15Как «готовая», типично английская сословная пара купец с милордом появляются в басне И. И. Хемницера «Хитрец» (1782). Готовым является и сниженный образ ‘милорда’. В одной критической заметке («Торжество дружбы…»; 1831) Пушкин объявляет булгаринского «Выжигина» пошлым подражанием «Английскому Милорду» – роману Матвея Комарова о приключениях милорда Георга (1782), печально известному нам всем по некрасовской строчке про милорда глупого.
16В еще двух французских эпиграммах (указанных мне А. Добрицыным) половинчатость привлекается ради нее самой, о целом же речь не заходит. Это эпиграммы Пьера-Шарля Руа «На графа Клермона» («Moitié plumet, moitié rabat…» [Полу-плюмаж <офицера>, полу-брыжи <священника>…]; 1758?) и Антуана-Луи Лебрена, переведенная из Микеле Верино («Moitié sages et moitié fous…» [Наполовину умники и наполовину глупцы…]; 1709).
17Впрочем, не исключено, что негатив есть и в первом слове строки, если учесть, что за полу-мудрец могло слышаться полуумный (как Пушкин писал наше сегодняшнее полоумный).
18Сема ‘подл’ – излюбленное оружие эпиграмматистов, часто сохраняющее исходную сословную окраску; здесь эта коннотация поддержана перекличкой с откровенно классовой 1‐й строкой. Ср. раннее употребление этого мотива у А. П. Сумарокова (в сочетании еще и с ‘умом/глупостью’) в басне «Осел во Львовой коже» (1760), где «<c>атирик выступает против несообразностей, нередко встречающихся в жизни: Или когда в чести увидишь дуракаИли в чину уродаИз сама подла рода,Которого пахать произвела природа. <…Б>иологическое <…> и социальное неравенство <…> имеют якобы один и тот же источник» (Ершов 1975. С. 14). В антологии РЭ-1988 слова с корнем подл– (подлый, подлец, подлость, подличать и даже дважды персонаж по имени Подлон) за первые сто лет (начиная с 1734 года) встречается 19 раз – в №№ 27, 95, 353, 356, 493, 578, 717, 818 (дважды в одной эпиграмме), 828, 836, 837, 1051, 1066, 1120, 1121, 1226, 1279, 1297, в том числе у Пушкина – 5 раз, причем еще дважды в пуантах (в № 837, тоже на Воронцова, см. примеч. 4 на с. 14; и № 818 (1821): В передней он подлец, в гостиной он дурак). Подлецом (и невеждой) Пушкин охотно называл Воронцова и в переписке.
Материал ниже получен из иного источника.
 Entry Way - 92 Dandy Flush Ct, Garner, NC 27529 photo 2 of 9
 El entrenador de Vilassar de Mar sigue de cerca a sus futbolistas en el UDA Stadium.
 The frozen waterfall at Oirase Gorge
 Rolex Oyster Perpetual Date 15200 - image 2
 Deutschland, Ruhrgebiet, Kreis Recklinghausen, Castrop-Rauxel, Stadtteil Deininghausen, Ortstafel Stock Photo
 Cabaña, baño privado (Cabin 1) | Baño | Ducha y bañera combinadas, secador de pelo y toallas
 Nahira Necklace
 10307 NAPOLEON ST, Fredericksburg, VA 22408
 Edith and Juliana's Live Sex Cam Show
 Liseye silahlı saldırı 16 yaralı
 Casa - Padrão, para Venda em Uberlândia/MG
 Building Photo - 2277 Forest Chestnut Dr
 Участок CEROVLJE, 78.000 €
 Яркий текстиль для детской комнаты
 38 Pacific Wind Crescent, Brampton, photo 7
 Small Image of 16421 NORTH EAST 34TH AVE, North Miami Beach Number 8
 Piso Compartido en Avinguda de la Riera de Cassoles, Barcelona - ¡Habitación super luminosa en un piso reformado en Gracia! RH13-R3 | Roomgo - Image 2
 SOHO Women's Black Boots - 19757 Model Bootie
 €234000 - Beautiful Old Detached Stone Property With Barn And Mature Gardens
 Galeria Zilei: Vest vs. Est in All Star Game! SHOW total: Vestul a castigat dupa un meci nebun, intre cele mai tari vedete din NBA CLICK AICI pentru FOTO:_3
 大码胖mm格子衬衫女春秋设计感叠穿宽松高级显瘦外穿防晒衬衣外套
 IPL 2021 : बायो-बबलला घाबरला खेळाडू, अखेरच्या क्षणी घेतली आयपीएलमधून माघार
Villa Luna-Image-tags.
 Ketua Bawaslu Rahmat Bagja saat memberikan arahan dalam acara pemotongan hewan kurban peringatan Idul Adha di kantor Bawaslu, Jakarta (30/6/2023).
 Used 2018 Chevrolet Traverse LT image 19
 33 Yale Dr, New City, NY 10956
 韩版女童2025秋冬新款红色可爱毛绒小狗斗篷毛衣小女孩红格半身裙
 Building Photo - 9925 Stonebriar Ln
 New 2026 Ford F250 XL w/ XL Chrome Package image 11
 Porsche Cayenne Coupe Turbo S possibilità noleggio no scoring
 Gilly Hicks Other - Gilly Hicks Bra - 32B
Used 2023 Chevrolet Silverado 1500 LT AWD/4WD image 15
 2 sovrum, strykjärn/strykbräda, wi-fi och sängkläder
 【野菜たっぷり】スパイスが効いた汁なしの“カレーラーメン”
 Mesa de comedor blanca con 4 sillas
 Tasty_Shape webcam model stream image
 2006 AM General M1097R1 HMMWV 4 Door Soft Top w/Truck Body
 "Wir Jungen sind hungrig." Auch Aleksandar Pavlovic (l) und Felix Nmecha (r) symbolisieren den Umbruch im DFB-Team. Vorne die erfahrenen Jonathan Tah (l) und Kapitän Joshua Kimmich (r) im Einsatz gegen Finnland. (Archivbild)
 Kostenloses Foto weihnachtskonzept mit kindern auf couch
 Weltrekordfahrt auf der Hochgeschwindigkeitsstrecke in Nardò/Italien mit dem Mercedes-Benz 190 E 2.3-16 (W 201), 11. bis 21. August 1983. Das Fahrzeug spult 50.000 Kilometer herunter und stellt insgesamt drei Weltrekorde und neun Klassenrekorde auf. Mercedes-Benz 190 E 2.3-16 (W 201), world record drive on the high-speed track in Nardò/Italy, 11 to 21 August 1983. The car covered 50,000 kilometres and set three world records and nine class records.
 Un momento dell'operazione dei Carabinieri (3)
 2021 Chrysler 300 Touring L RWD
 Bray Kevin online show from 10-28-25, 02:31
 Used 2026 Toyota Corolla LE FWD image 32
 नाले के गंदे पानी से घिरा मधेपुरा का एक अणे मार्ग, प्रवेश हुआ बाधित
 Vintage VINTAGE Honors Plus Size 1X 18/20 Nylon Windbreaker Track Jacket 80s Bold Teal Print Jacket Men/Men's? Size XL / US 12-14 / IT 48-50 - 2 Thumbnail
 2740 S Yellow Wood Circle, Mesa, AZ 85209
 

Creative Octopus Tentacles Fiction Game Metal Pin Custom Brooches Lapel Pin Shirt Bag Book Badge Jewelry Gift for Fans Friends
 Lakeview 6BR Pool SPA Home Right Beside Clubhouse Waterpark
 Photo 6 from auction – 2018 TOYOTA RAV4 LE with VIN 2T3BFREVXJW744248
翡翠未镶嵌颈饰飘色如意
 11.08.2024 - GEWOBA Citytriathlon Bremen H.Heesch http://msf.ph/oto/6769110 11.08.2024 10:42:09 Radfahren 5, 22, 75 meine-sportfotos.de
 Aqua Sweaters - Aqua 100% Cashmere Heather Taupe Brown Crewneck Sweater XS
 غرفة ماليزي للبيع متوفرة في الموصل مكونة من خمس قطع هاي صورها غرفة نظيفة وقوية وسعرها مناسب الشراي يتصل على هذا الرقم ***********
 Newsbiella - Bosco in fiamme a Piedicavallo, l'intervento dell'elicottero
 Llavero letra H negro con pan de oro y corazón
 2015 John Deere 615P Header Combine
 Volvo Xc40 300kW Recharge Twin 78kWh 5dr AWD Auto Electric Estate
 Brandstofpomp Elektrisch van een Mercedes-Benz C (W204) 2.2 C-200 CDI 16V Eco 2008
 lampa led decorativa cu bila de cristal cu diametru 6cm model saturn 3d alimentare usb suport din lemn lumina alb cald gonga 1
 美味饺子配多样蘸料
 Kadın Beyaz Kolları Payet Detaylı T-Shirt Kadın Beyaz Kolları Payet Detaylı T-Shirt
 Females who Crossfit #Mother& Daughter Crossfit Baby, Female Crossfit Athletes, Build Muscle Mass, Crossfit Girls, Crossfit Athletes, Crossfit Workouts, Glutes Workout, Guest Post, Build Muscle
19То же в еще одной его мизогинистской эпиграмме (X, 75; Марциал 1968. С. 303–304): поэт отказывается платить запрашиваемые продажной женщиной суммы, каковые по мере ее старения систематически снижаются, но, на его взгляд, недостаточно быстро; в финале он отвергает и предложение бесплатного секса (отметим жестокую ‘арифметичность’ этого сюжета).
20Типа ты, как в только что приведенной эпиграмме на Булгарина, или он, как в четверостишии из «Стансов» (см. ниже).
21Вспоминается применение подобной иронической арифметики в заметке из легендарного «Клуба 12 стульев» на 16‐й полосе «Литературной газеты» 1970‐х годов. Привожу по памяти (ср. также: https://refdb.ru/look/1193530-pall.html): «Забытый рецепт. Недавно на редакционный огонек заглянул пенсионер Н. Садовский. Он поделился с членами клуба рецептом коктейля „Мерцающие звезды“, популярного в дни его юности. В бокал налить сто грамм водки. Затем добавить еще сто грамм. Содержимое бокала тщательно перемешать. Коктейль готов».